A 9-minute observational documentary following a group of children journeying to visit their mothers in prison, Elizabeth Lo and R.J. Lozada’s Mother’s Day is a powerful short brimming with real-life emotion. Focusing on one specific prison visit, but commenting on a nation’s problems, the subtle and restrained filmmaking on show allows the viewer plenty of time and space to process the events and think about what this short story means for the greater picture.
Seen by Lo as a “sort of sequel” to her previous short Hotel 22, both films focus on what the director describes as “a unique bus system which becomes a vehicle for examining overlooked inequities that remain a part of American society today”. Discovering the work of the Center for Restorative Justice Works and their annual bus trips when researching stories that took place on public transportation for the aforementioned short, the director had to wait for funding (from the Nation Institute’s Investigative Fund for documentaries) before she could bring this story to screen.
“We made Mother’s Day to remind us of the steep price an entire generation of youth – and by extension, our nation – has to pay because of systems that remain broken across America”
Focusing on the children on the outside, instead of the parent on the inside, Mother’s Day becomes less a film about judgement and more a film about understanding. Drawing the attention away from the crimes committed by those incarcerated in their film, Lo and Lozada’s doc aims its gaze at the most heartbreaking and resonating element of this story – children growing up with absent Mother’s.
“Many of these children are unable to regularly visit their incarcerated parents because remote, rural prisons are often difficult to access for low-income families”, Lo explains. “While many are aware of the staggering problems resulting from the nation’s incarceration rate, few consider the impact it has on the children who grow up parentless as a result – those boys and girls who are raised with only brief meetings of their parents in the place of a real relationship. We made Mother’s Day to remind us of the steep price an entire generation of youth – and by extension, our nation – has to pay because of systems that remain broken across America”.

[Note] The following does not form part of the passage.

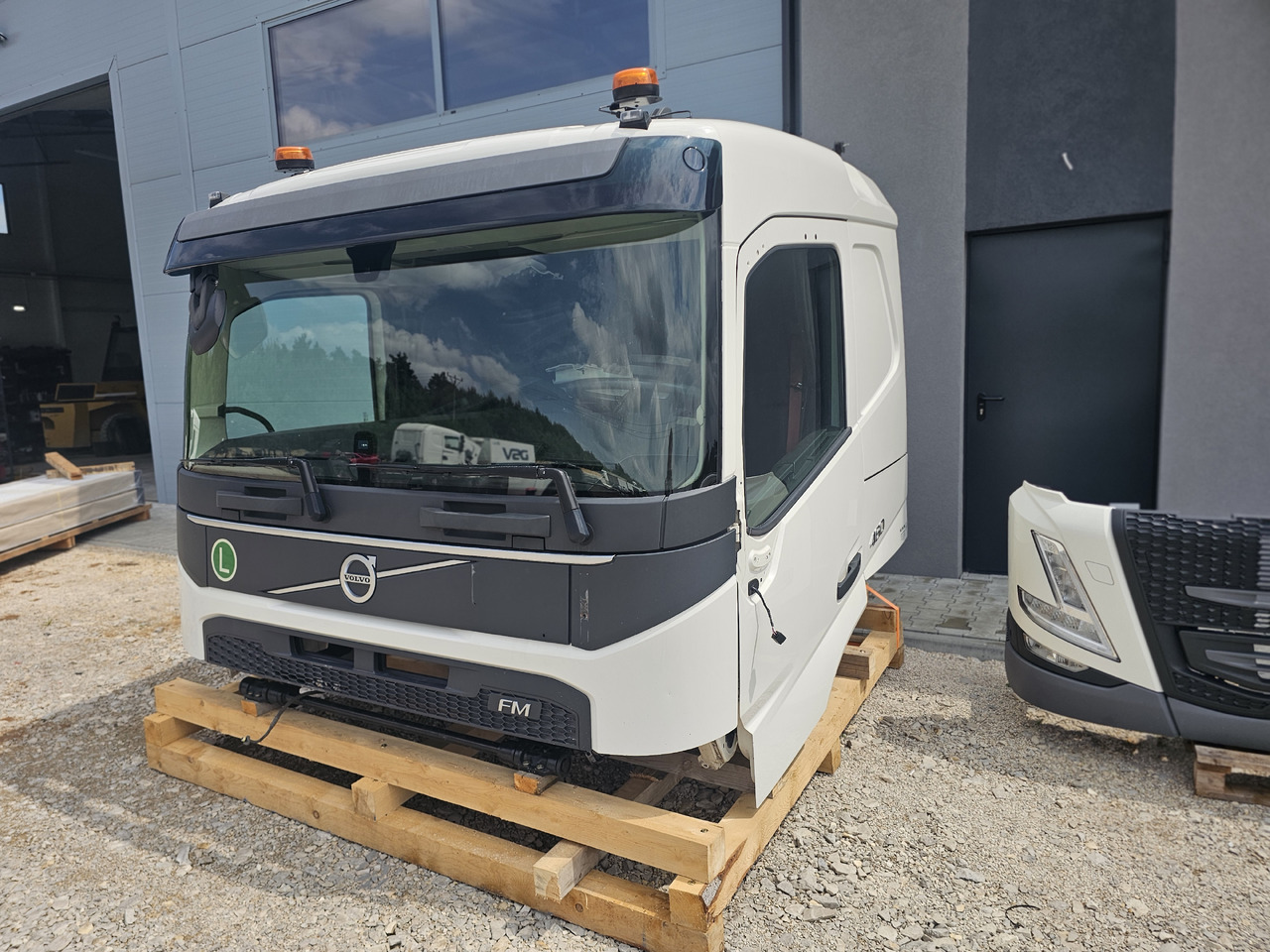 VOLVO FM5 LOW ROOF / L2 H1 / COMPLETE CAB / 2022 - Cabina: foto 1 VOLVO FM5 LOW ROOF / L2 H1 / COMPLETE CAB / 2022 - Cabina: foto 1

As a parent, one of the most troubling thoughts you can have is not being around when your children really need you. Whether it’s a reassuring hug after a bad dream or a pep talk before a big event, you want to be there for them and it’s this universal feeling that resonates deeply throughout Mother’s Day. Never once does it ask you to look to judge or look down on its incarcerated subjects, instead it’s those that are free that feel truly punished here and in making you really consider this side of the story, Lo and Lozada’s doc is at its most powerful and its most impactful.